Left: Arrhenius (full) and new (dashed) source terms. Right: Numerical Arrhenius solution \(c_A(\xi )\) and new \(c(\xi )\) with difference (gray)

Table 1 Typical m values for small and large activation energy flames

Table 1 shows typical m values for small and large activation energy flames as analysed in Poinsot and Veynante (2005).

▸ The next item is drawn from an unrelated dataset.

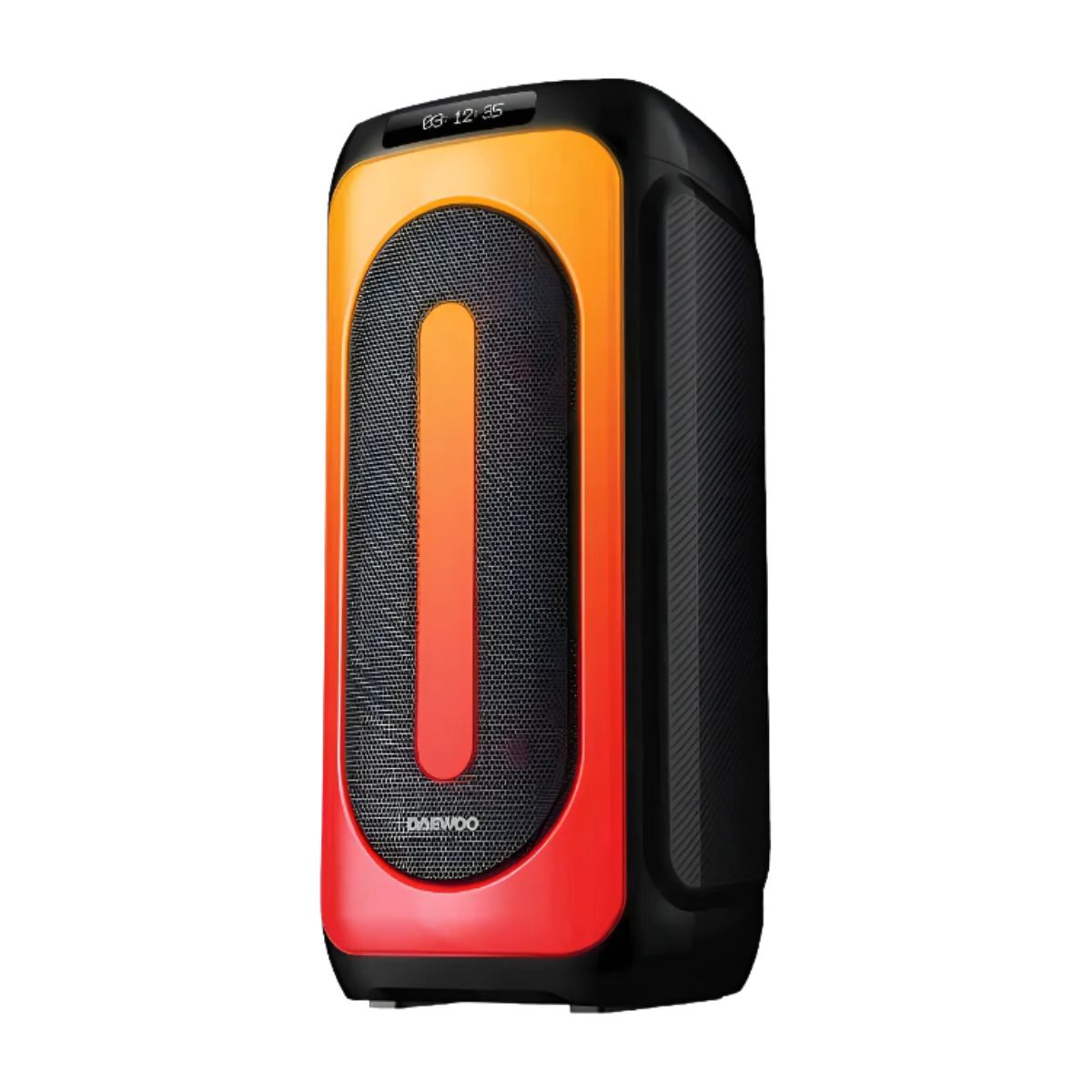 CAIXA DE SOM AMPLIFICADA PARTYBOX 600W BLUET/FM/USB/SD DW815  BRIGHT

5 Application: Derivation of Improved \(\Lambda\) Eigenvalue

As first applications of this model we present a new approach to derive improved approximations for the laminar flame eigenvalues \(\Lambda _{0,1}\). In contrast to results from classic asymptotic analyses (which are derived in the limit of large activation energy, i.e. large \(\beta\) values), the new expressions are also accurate for moderate values of \(\beta\).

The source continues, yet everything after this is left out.